> [Instructions to follow]:
Transcribe each of the records below exactly, excluding all pictures.

[Stored data]
**********
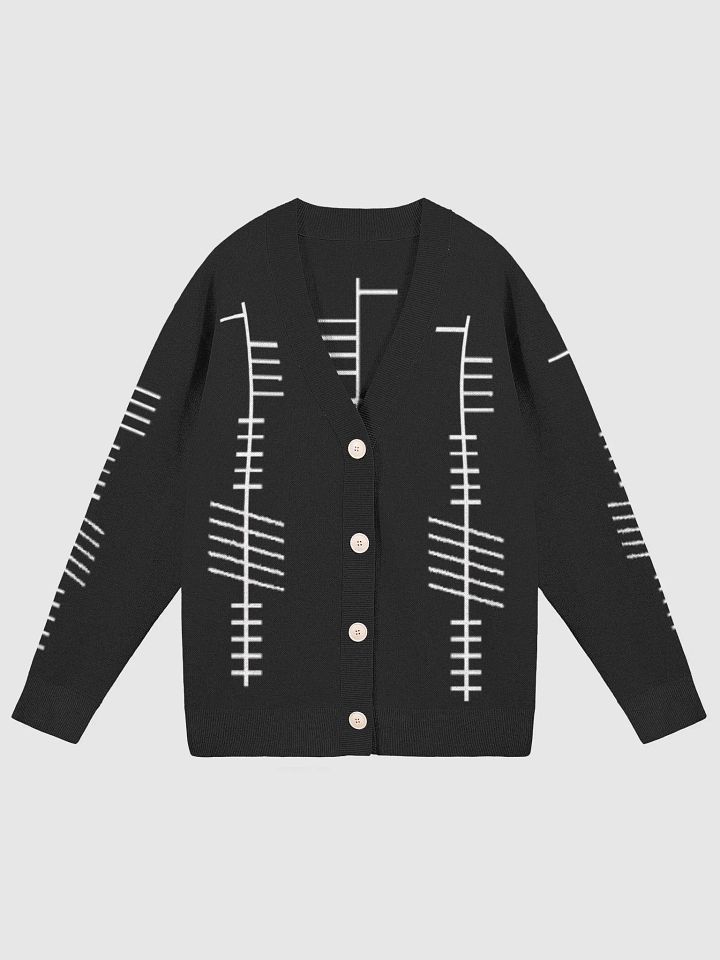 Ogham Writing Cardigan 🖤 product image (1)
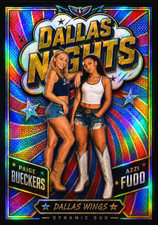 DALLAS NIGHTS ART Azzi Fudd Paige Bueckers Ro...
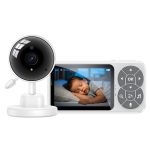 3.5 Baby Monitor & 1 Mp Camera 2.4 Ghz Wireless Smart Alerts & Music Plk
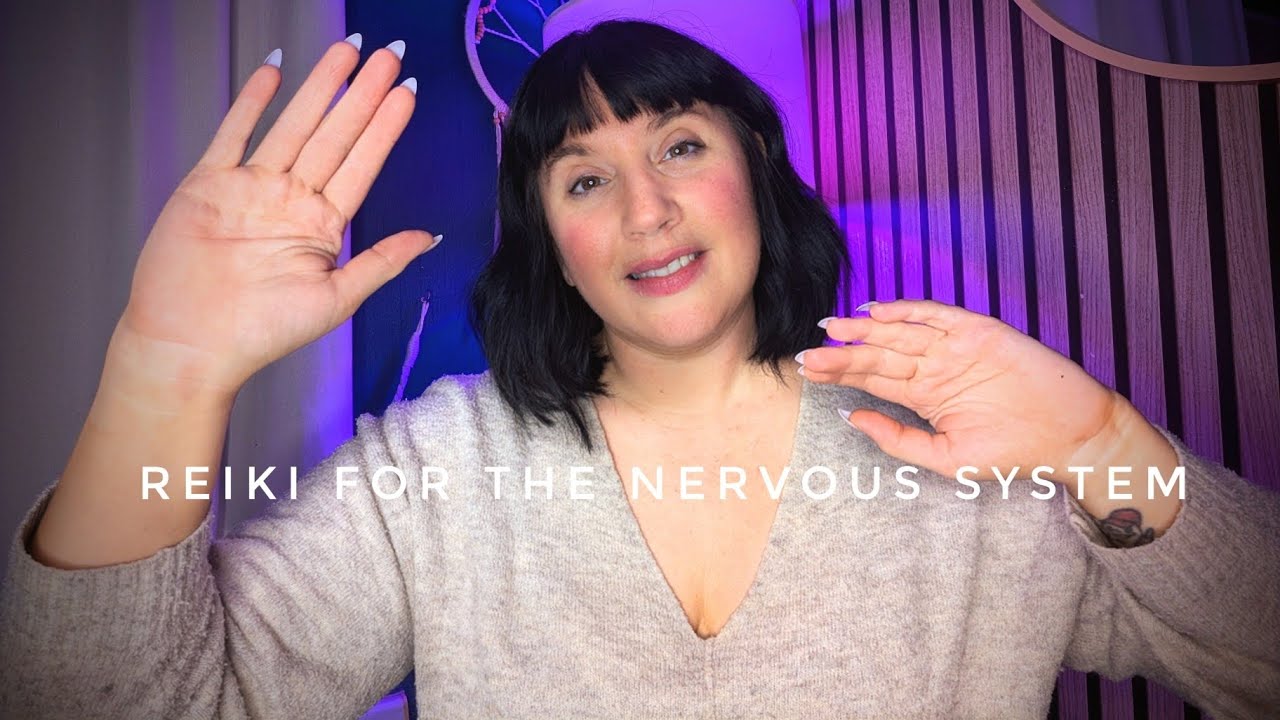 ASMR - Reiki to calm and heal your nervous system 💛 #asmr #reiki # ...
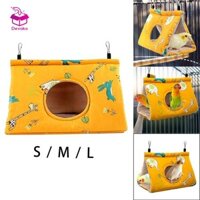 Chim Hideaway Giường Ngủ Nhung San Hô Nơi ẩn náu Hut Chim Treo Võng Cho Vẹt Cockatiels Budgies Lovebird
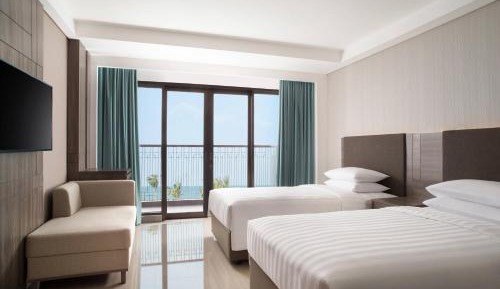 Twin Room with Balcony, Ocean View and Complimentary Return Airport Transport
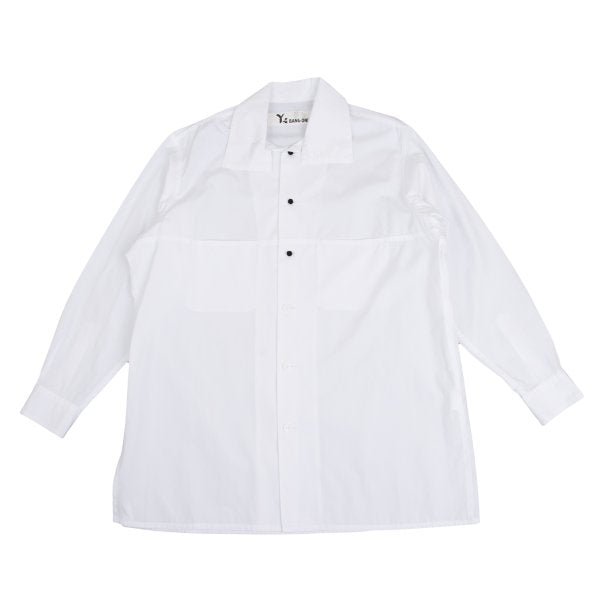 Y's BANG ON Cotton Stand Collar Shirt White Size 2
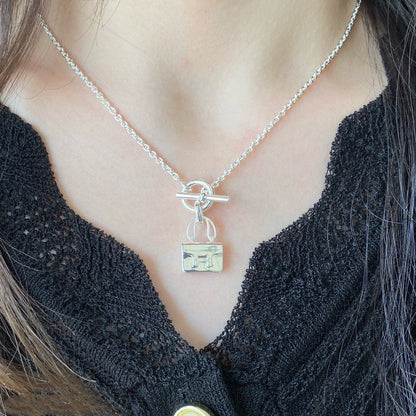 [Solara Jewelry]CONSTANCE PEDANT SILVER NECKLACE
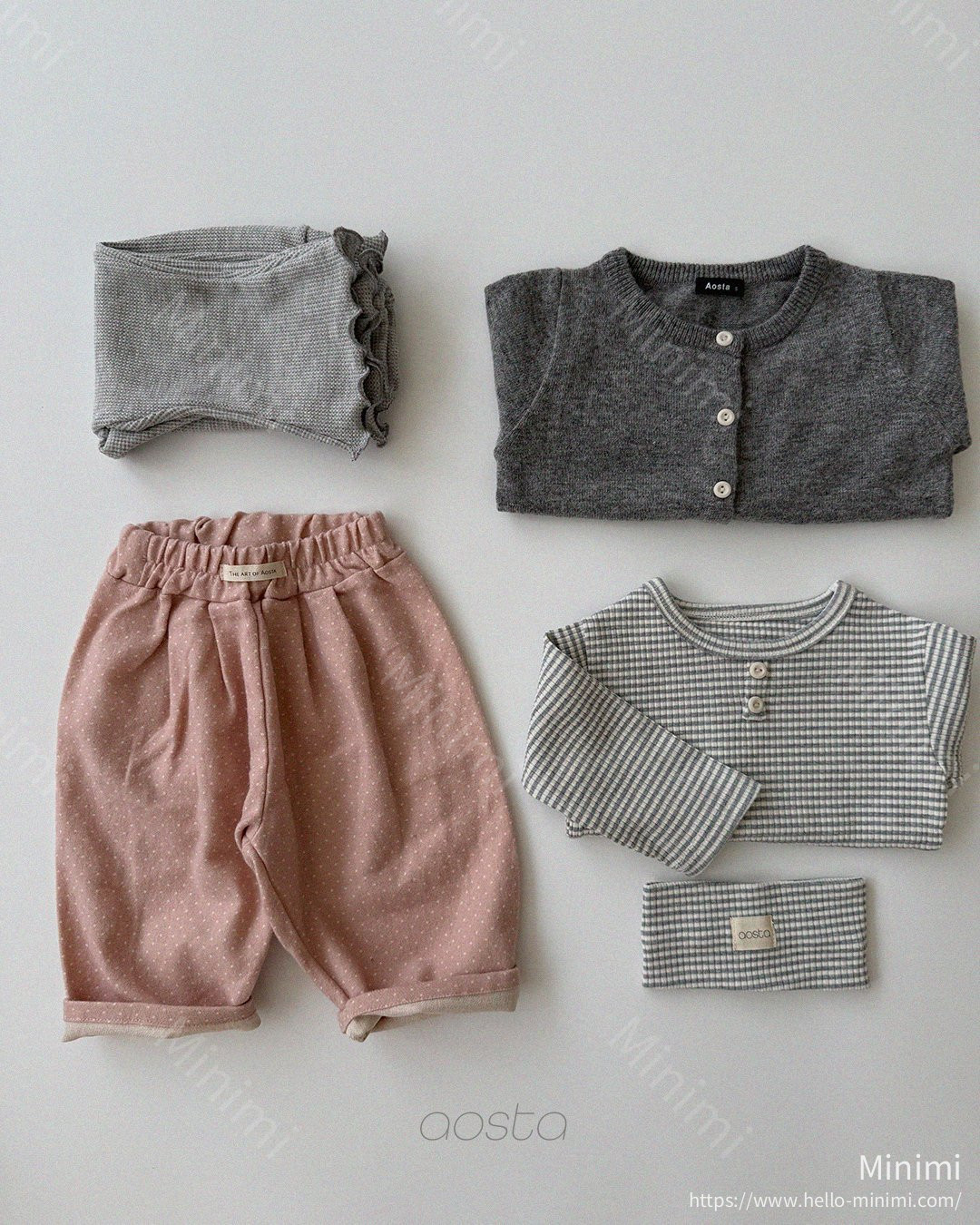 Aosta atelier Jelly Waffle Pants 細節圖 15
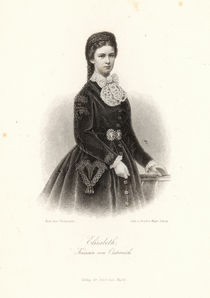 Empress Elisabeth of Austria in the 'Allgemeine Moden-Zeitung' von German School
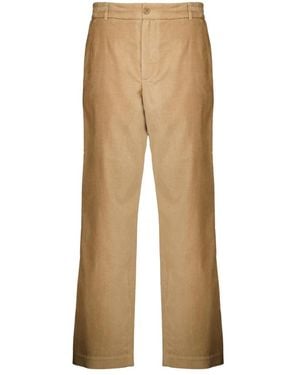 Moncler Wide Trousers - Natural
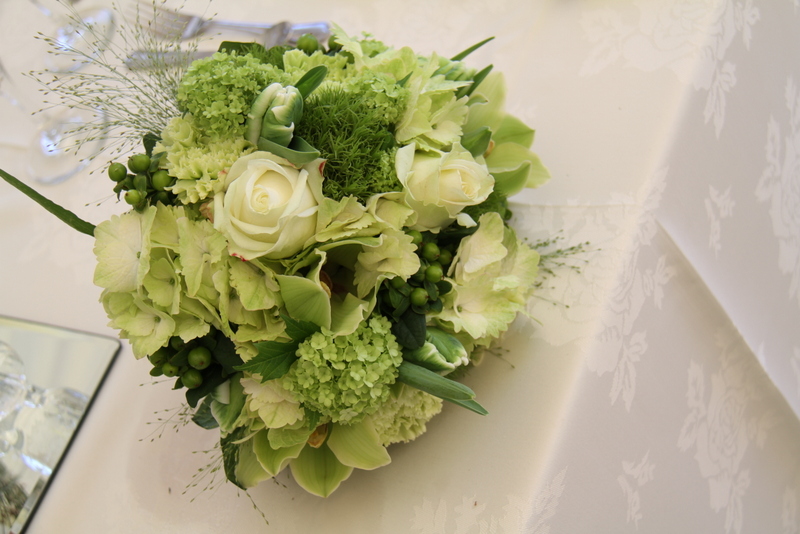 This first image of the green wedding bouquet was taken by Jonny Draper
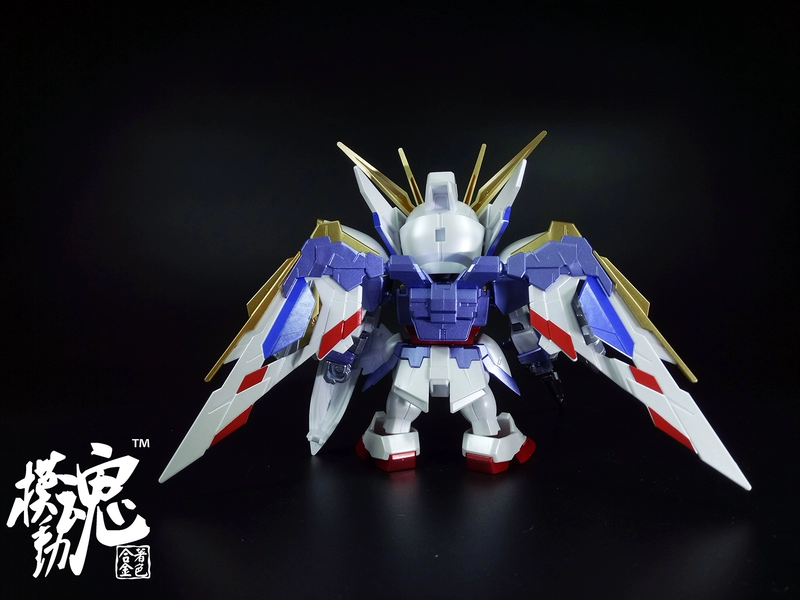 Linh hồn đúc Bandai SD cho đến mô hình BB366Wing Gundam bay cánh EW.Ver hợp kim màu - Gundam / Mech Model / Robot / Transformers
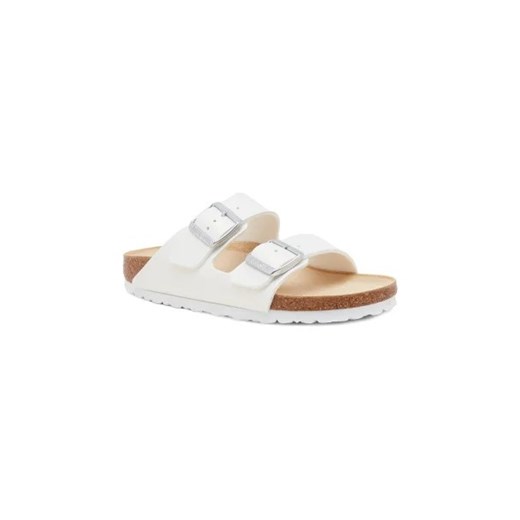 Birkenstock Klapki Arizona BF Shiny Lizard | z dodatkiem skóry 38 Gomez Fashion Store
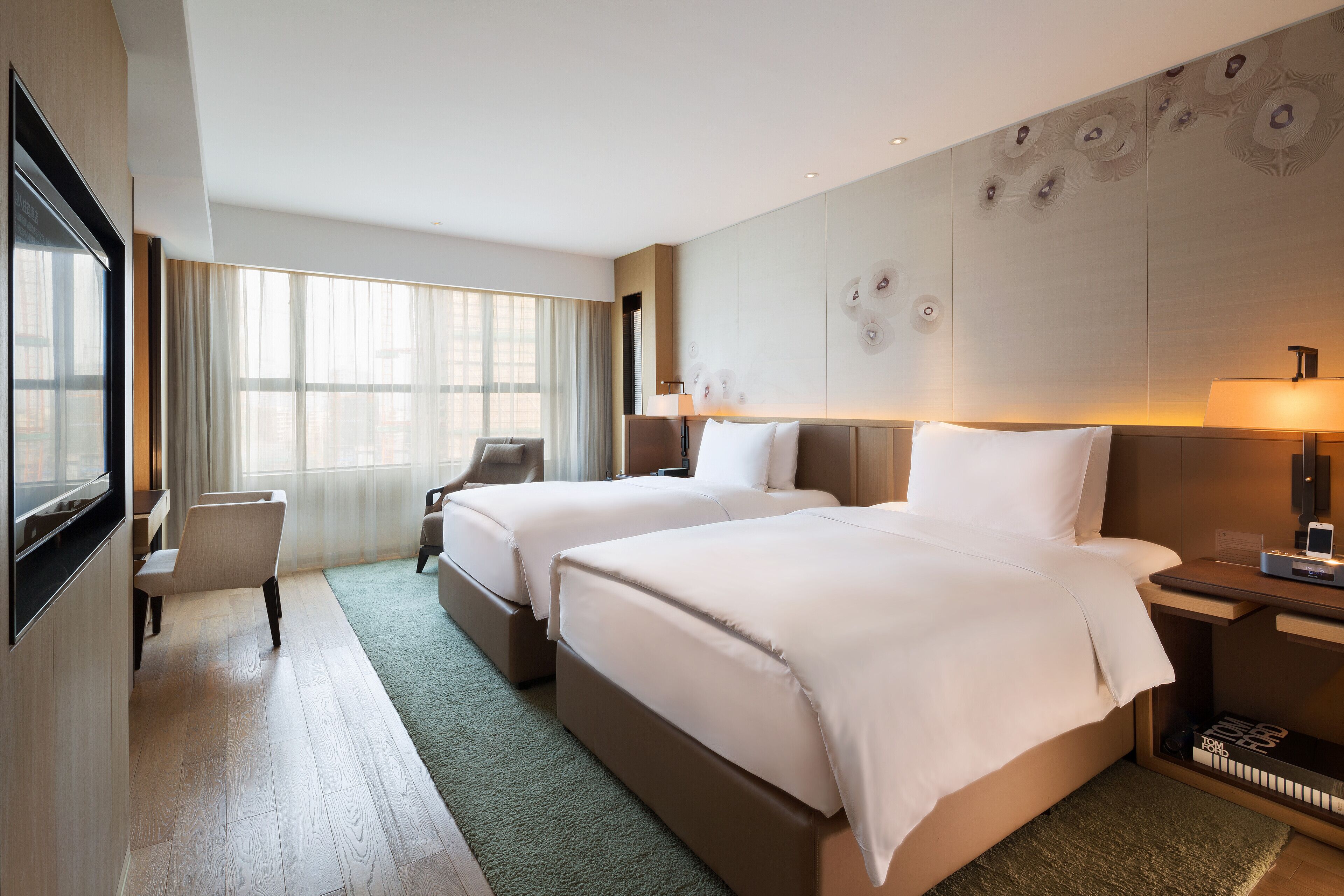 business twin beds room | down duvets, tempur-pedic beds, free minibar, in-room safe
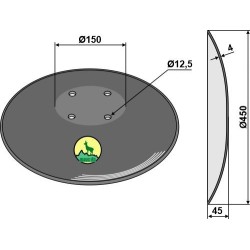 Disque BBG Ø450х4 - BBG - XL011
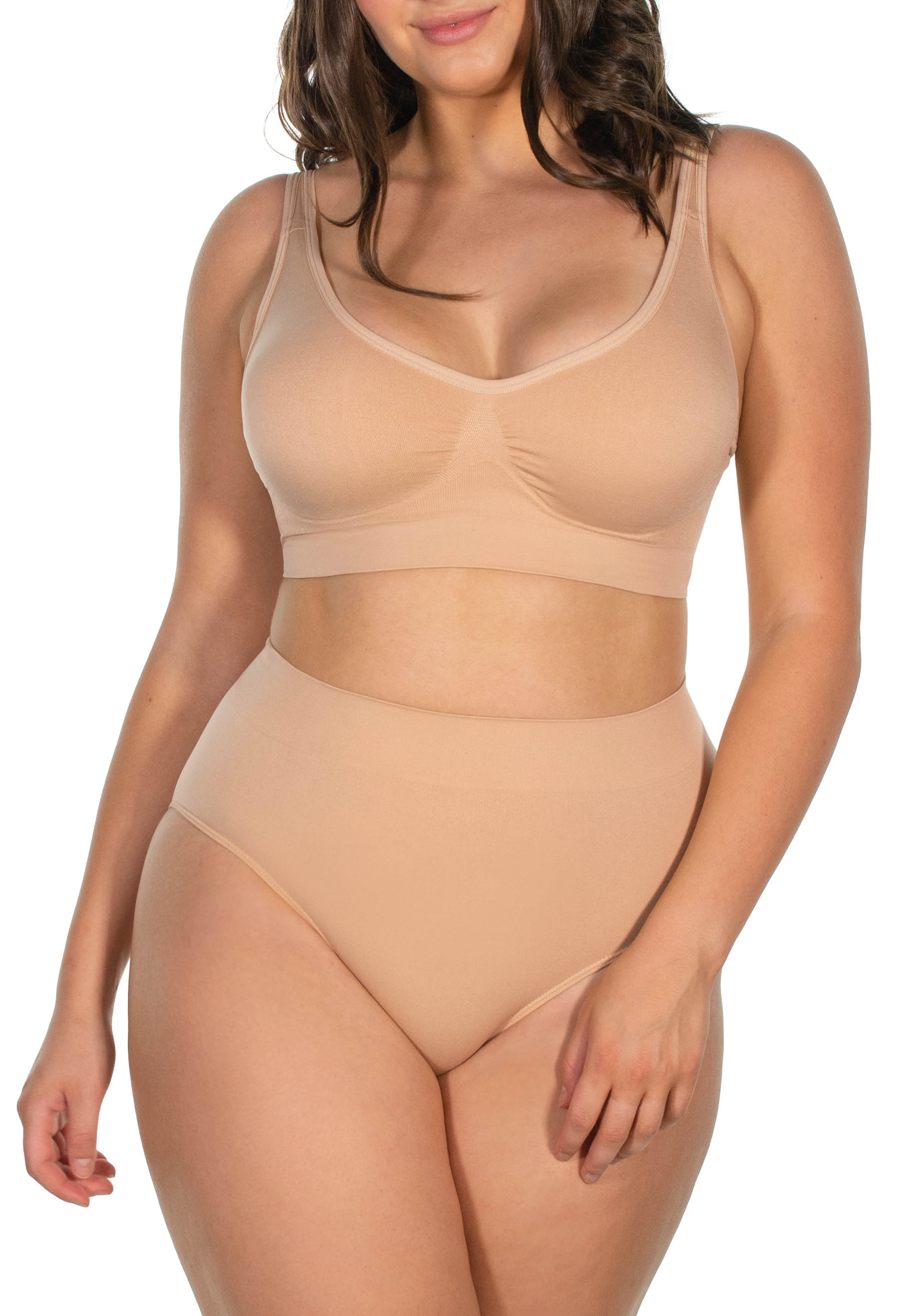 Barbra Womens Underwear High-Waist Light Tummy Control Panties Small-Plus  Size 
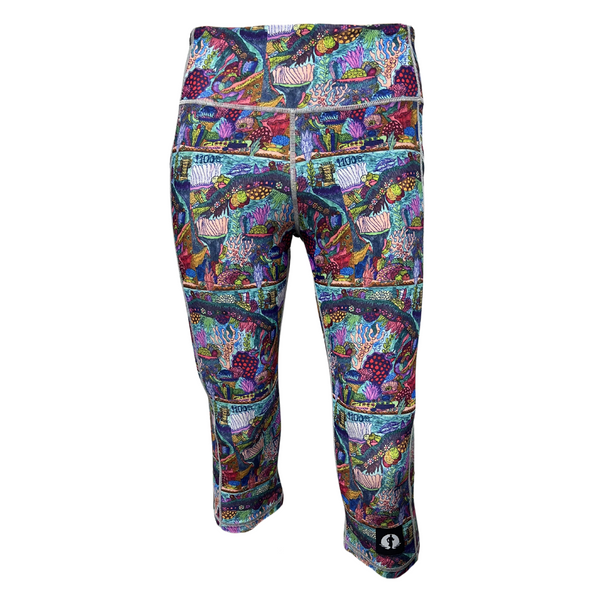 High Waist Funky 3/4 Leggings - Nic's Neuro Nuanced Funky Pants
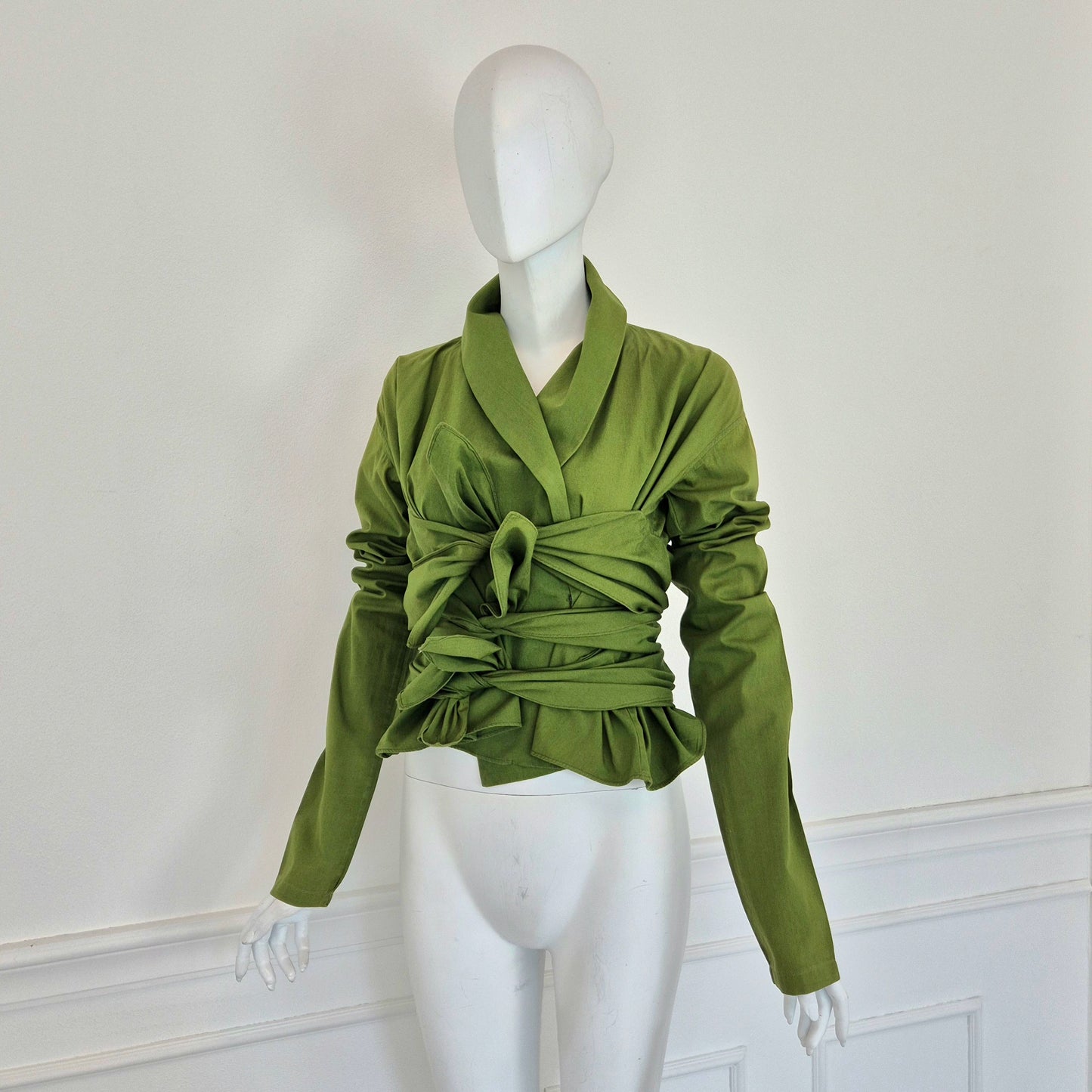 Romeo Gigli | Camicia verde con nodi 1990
**********
> [Exercise response]:
 Ogham Writing Cardigan 🖤 product image (1)
 DALLAS NIGHTS ART Azzi Fudd Paige Bueckers Ro...
 3.5 Baby Monitor & 1 Mp Camera 2.4 Ghz Wireless Smart Alerts & Music Plk
 ASMR - Reiki to calm and heal your nervous system 💛 #asmr #reiki # ...
 Chim Hideaway Giường Ngủ Nhung San Hô Nơi ẩn náu Hut Chim Treo Võng Cho Vẹt Cockatiels Budgies Lovebird
 Twin Room with Balcony, Ocean View and Complimentary Return Airport Transport
 Y's BANG ON Cotton Stand Collar Shirt White Size 2
 [Solara Jewelry]CONSTANCE PEDANT SILVER NECKLACE
 Aosta atelier Jelly Waffle Pants 細節圖 15
 Empress Elisabeth of Austria in the 'Allgemeine Moden-Zeitung' von German School
 Moncler Wide Trousers - Natural
 This first image of the green wedding bouquet was taken by Jonny Draper
 Linh hồn đúc Bandai SD cho đến mô hình BB366Wing Gundam bay cánh EW.Ver hợp kim màu - Gundam / Mech Model / Robot / Transformers
 Birkenstock Klapki Arizona BF Shiny Lizard | z dodatkiem skóry 38 Gomez Fashion Store
 business twin beds room | down duvets, tempur-pedic beds, free minibar, in-room safe
 Disque BBG Ø450х4 - BBG - XL011
 Barbra Womens Underwear High-Waist Light Tummy Control Panties Small-Plus  Size 
 High Waist Funky 3/4 Leggings - Nic's Neuro Nuanced Funky Pants
 Romeo Gigli | Camicia verde con nodi 1990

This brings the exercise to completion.